Haría falta un estado de desobediencia que ponga las cosas en su lugar: los poderosos atrincherados en sus aparatos represivos y la gente, despojada de su miedo, armada con el convencimiento que este dominio es posible de ser desmantelado. Y más aún, que es necesario.
Nada ha sido obstáculo suficiente cuando los pueblos pierden el temor y se deciden a combatir.
Las víctimas del modelo son las que permiten la supervivencia del modelo. Bastaría una rebelión masiva en aquellas poblaciones tomadas por la delincuencia, la desesperanza, la pobreza y la droga, sin farmacias, ni consultorios, en donde no llega el Estado sino con represión y abusos, para que las cosas comenzarán a cambiar.
Por demasiado tiempo la gente se ha dejado mancillar, olvidada quizás de la potencia de sus fuerzas cuando se decide a pelear todos juntos.

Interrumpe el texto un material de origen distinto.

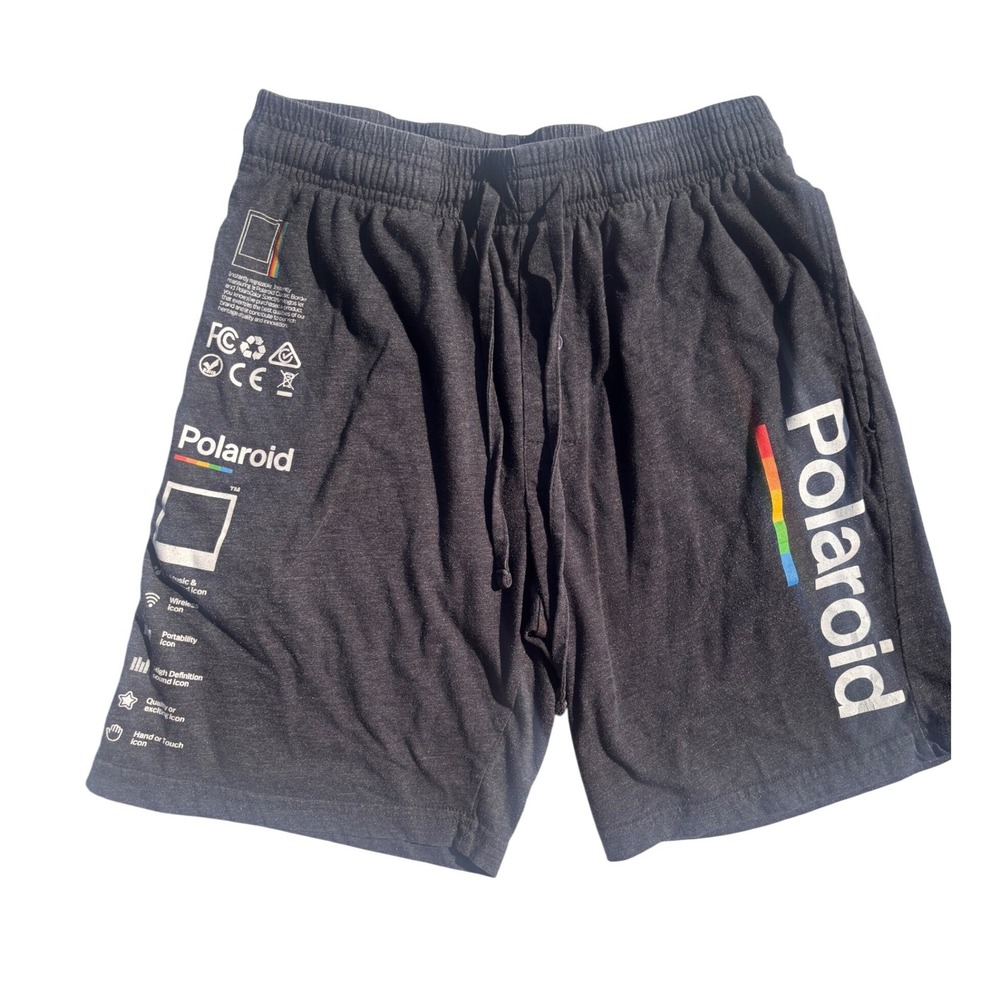 Polaroid Lounge Shorts Mens Small Charcoal Gray Good Rainbow Graphic Sleepwear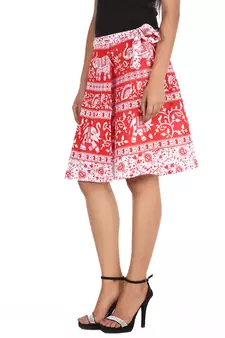 Red cotton printed wrap around free size skirt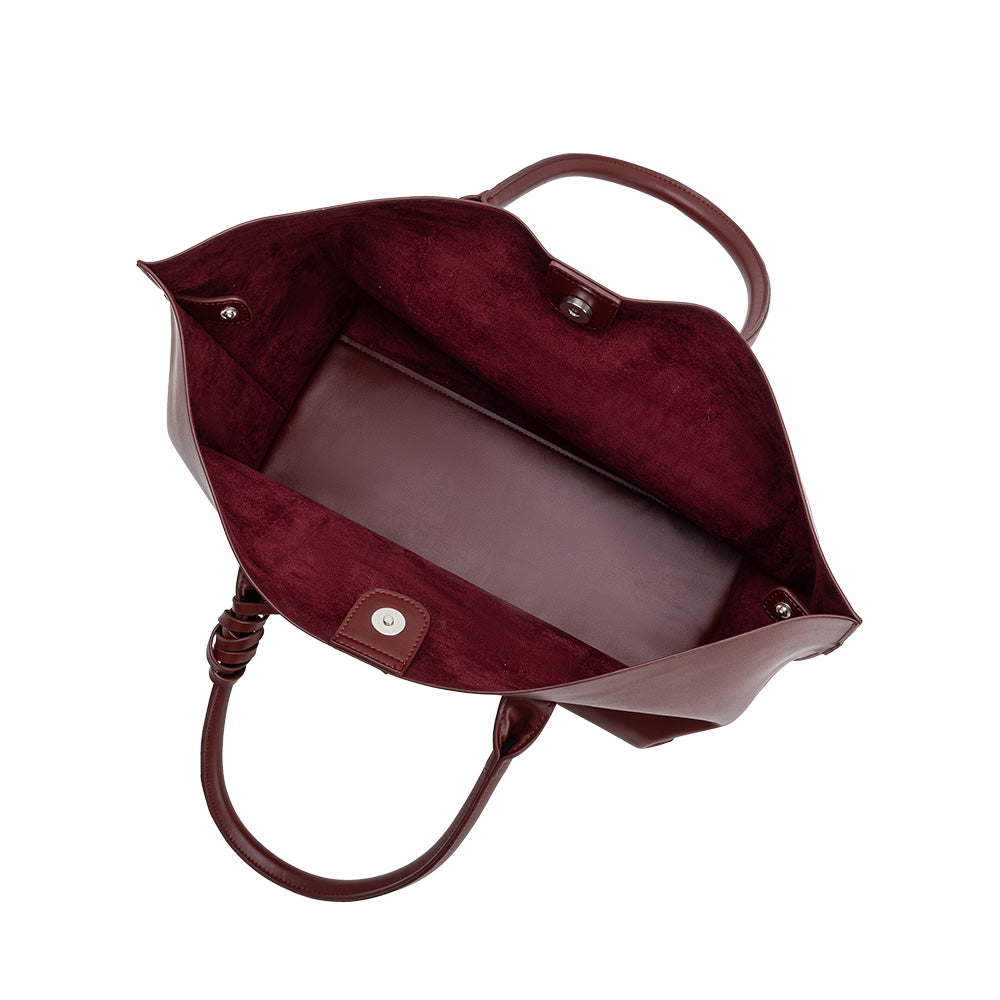 Melie Bianco Burgundy Astrid Recycled Vegan Leather Tote Bag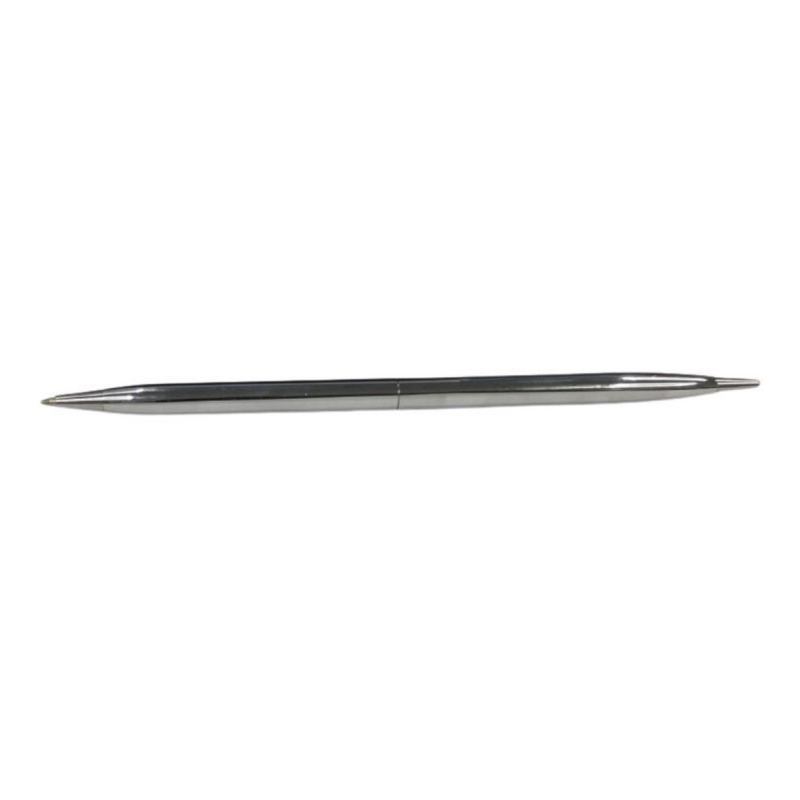 Miniature Clock Silver Plated Solid Brass Clock with Silver tone Ball Pen IMP408S - CLEARANCE NEEDS RE-BATTERY & Refill
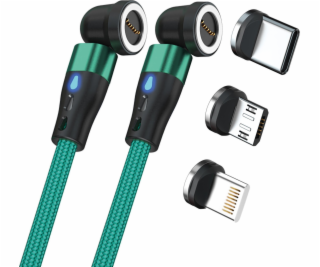 Realpower Magnetický kabel RealPower USB kabel, 1 m 2x ma...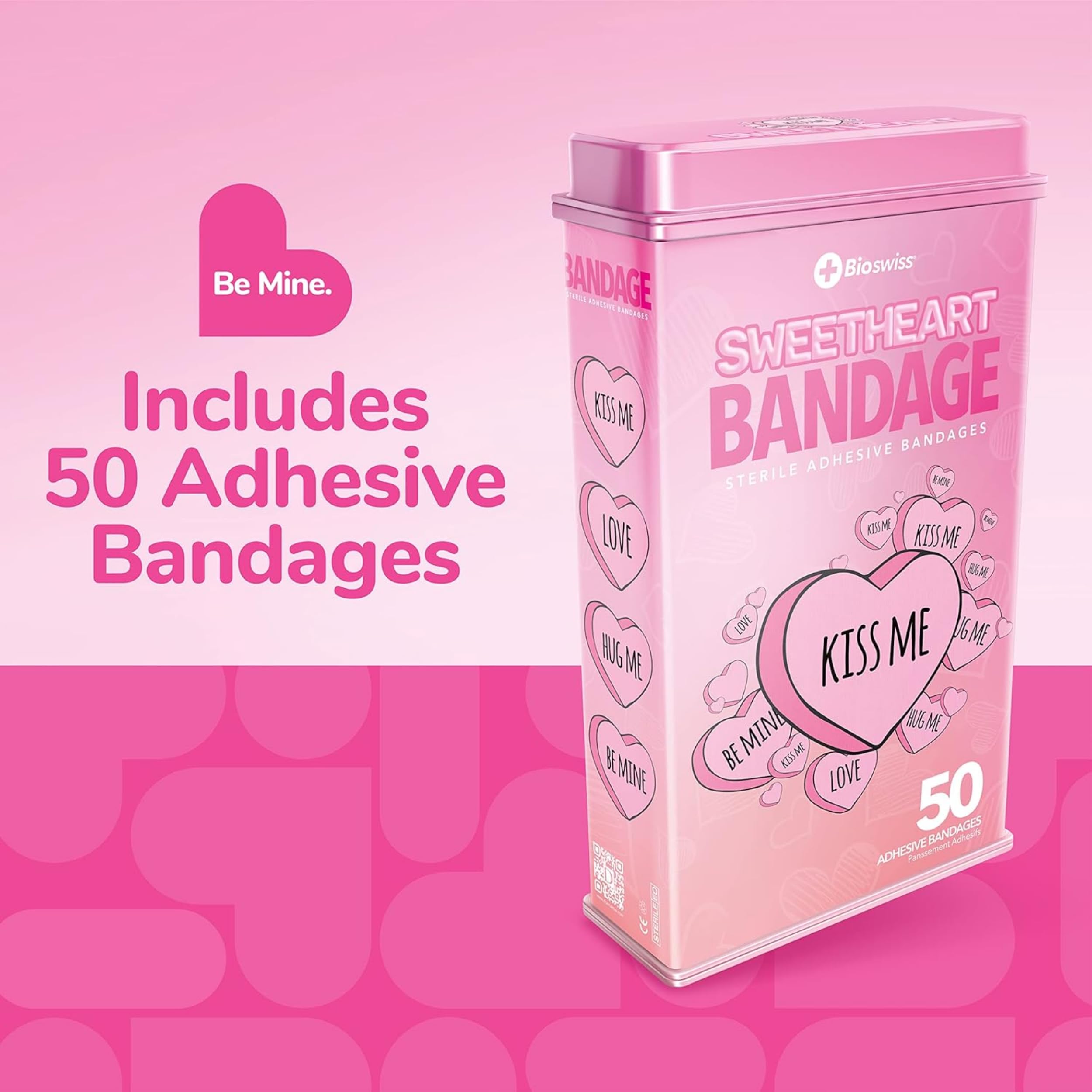 BioSwiss Bandaids für Kinder, 50 sterile Bandagen in einzigartiger Form, bunt, lustig, niedlich, Mädchen, Kinder, Erwachsene, Erste Hilfe, schützt Kratzer und Schnitte, Wellness für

Son millones los pobladores asfixiados por las inmundicias que les meten las industrias contaminantes y que les enferman sus niños y que los hacen vivir entre hedores tóxicos o nubes de moscas, o que les transforman sus paisajes en desiertos yermos para satisfacer la codicia de los mismos de siempre.
Los poderosos no entienden buenas razones o cuestiones relacionadas con el bien común. Tampoco de naturaleza, equilibrios o riesgos. Las categorías que definen un país solidario, limpio y humano, se las pasan por el perineo, y si vienes con muchos reclamos te ponen el peso de los exoesqueletos fétidos de las policías que más parecen tropas de ocupación, con la venia de los compañeros que pueblan las oficinas de los asesores ministeriales.
Este país está pidiendo a gritos una revuelta que deje las cosas como deberían ser: temblando de pavura al poderoso para que se dejen de mirar como carne de cogote al gilerío que le tocó en desgracia tener que seguir amarrado de las gónadas por sueldos mezquinos y deudas generosas.
Traicionada y todo, la gente hizo lo que había que hacer para ganarle al tirano. Y esa fuerza intrínseca es un atributo que aún se mantiene latente en el pueblo. Nunca un avance para la gente modesta ha sido regalado.
Hará falta que los que se visten con palabras dulces, que hablan de bienestar, de reformas y cambios, sean desnudados como corresponde y puestos en donde tienen que estar: en el rincón de los enemigos de la gente humilde, reos del dolo que significa mentir por la vía de la oferta falaz y la esperanza imposible.
Los poderosos se afirman en la brutalidad de sus policías y sus Fuerzas Armadas, pero por sobre todo, en el temor de sus víctimas. Desplazados en guetos insufribles, engrupidos de antenas parabólicas y teléfonos celulares, amarrados del cuello a créditos que pagan varios otros, los han condenado a vivir rendidos, despreciando el riesgo de la lucha honorable. En el Mall, lejos del mal.
Es que el sistema cuenta con armas sofisticadas para controlar al populacho que espera con una paciencia de santo a que las cosas mejoren, sabiendo que jamás lo harán. Cuenta, en especial, con el miedo, incluido el que se despliega ante la imposibilidad de pagar la cuota siguiente de lo que sea.
Abandonados hasta por los otrora rebeldes y revolucionarios que cambiaron la calle por la cafetería y la buena pega, el populacho es presa fácil del temor y la manipulación.
Y también presa cautiva de los que venden promesas y ofertas en programas delirantes que no valen ni el papel en el que fueron descritas.
Por mucho tiempo la gente ha vivido convencidas que no vale la pena pelear, que no se tiene derecho a nada y que para tener lo que sea, es menester pagar y mientras más caro, mejor, y se quedan en el silencio de los brutos obnubilados, sin saber qué hacer, sin recordar el enorme poder que se logra cuando se pierde el miedo.